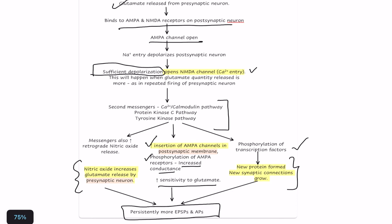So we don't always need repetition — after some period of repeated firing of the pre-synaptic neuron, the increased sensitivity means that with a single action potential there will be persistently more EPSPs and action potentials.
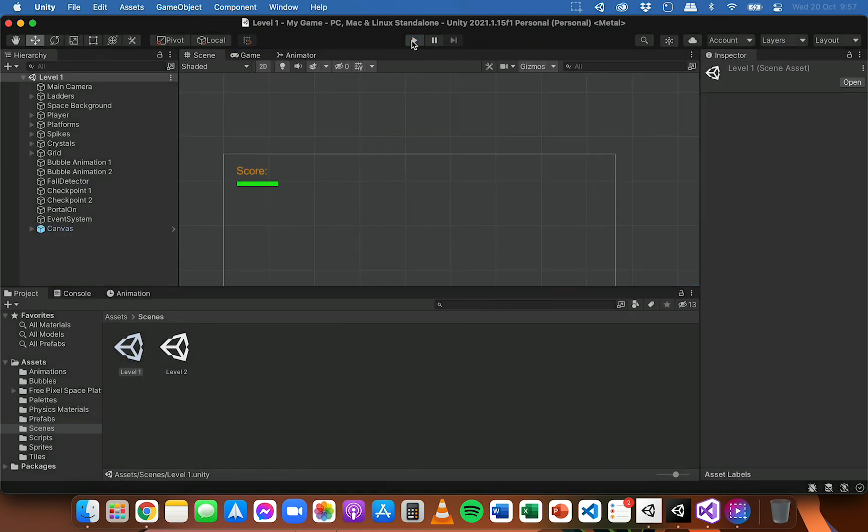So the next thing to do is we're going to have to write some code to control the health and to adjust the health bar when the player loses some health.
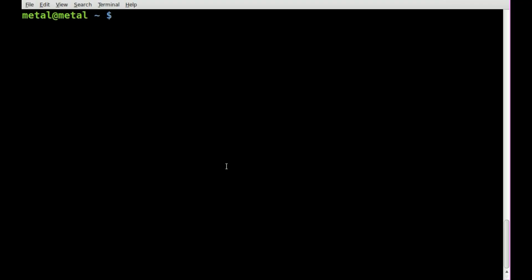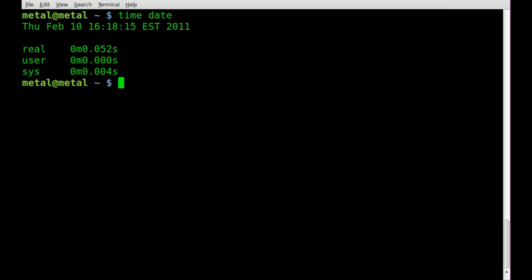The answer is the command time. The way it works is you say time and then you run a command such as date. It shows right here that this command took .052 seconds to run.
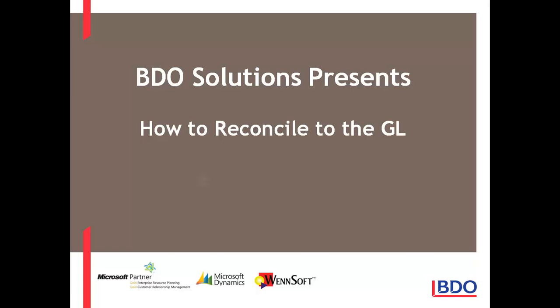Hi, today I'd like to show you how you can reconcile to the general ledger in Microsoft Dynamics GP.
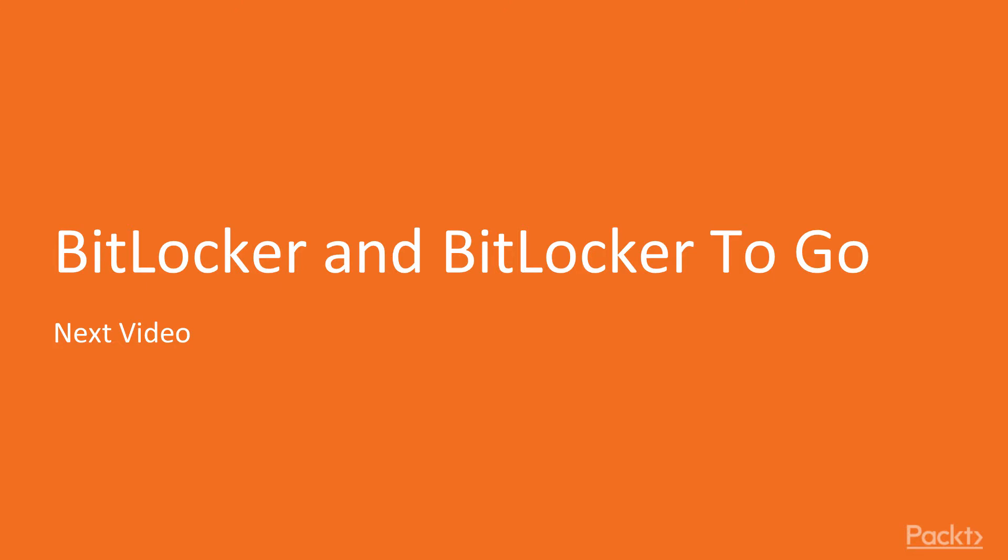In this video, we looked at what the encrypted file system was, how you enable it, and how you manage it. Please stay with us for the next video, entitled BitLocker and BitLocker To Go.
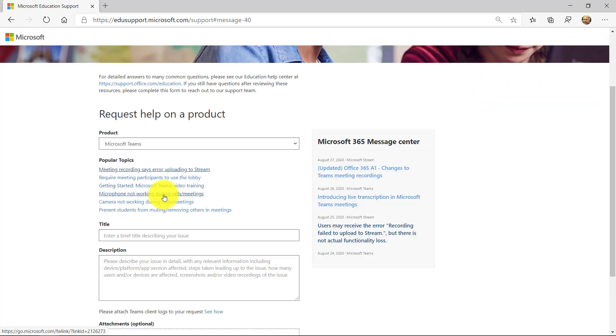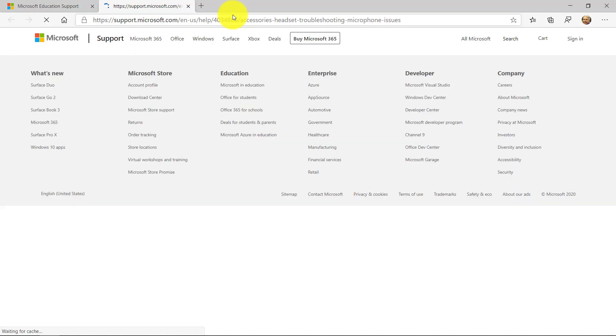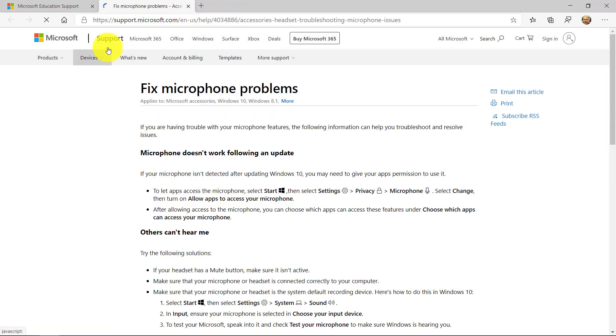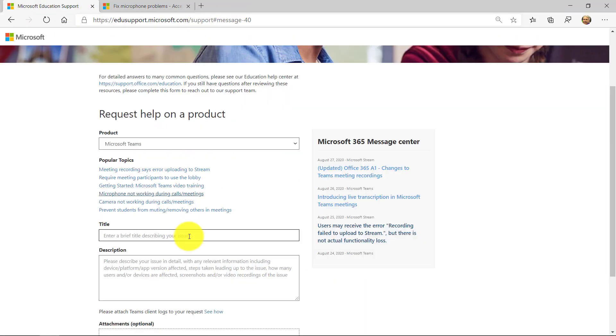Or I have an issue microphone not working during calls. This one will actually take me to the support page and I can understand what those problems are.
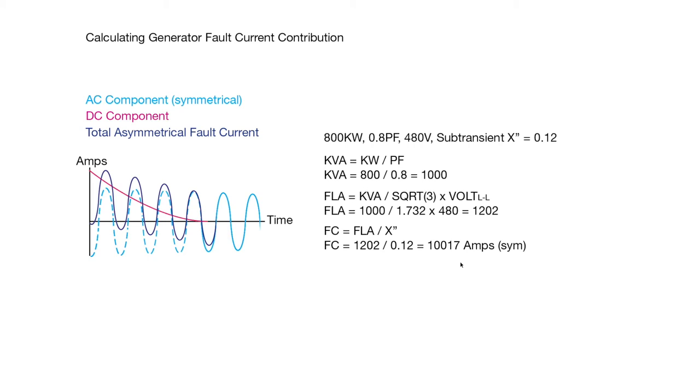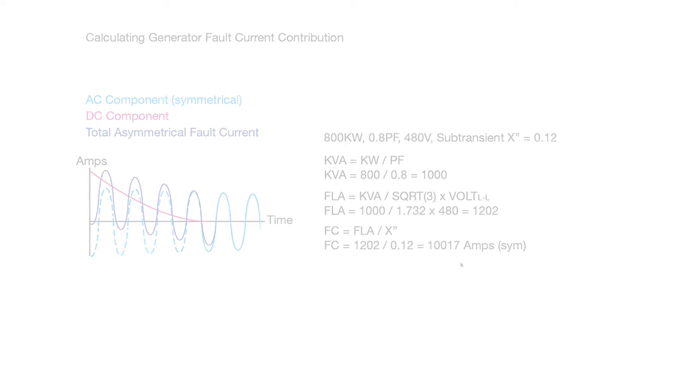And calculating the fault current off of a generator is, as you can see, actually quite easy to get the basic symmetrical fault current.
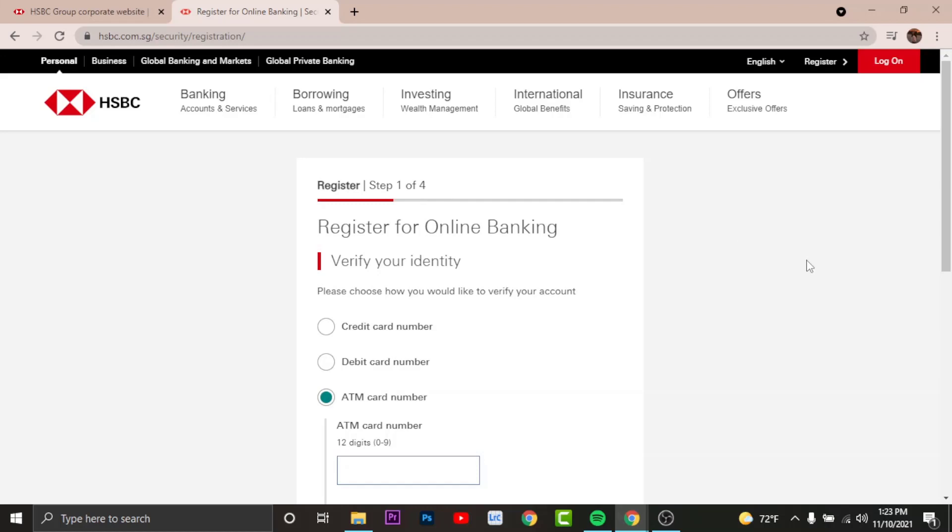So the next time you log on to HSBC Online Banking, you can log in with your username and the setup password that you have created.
* * * * * * * * *
### PROMPT
What should come back is an exact copy of the lines above from the line with "The answer is" to the line with "Hi, today I'd", both included, minus the pictures.

### EXPECTED OUTPUT
The answer is the command time. The way it works is you say time and then you run a command such as date. It shows right here that this command took .052 seconds to run.
Hi, today I'd like to show you how you can reconcile to the general ledger in Microsoft Dynamics GP.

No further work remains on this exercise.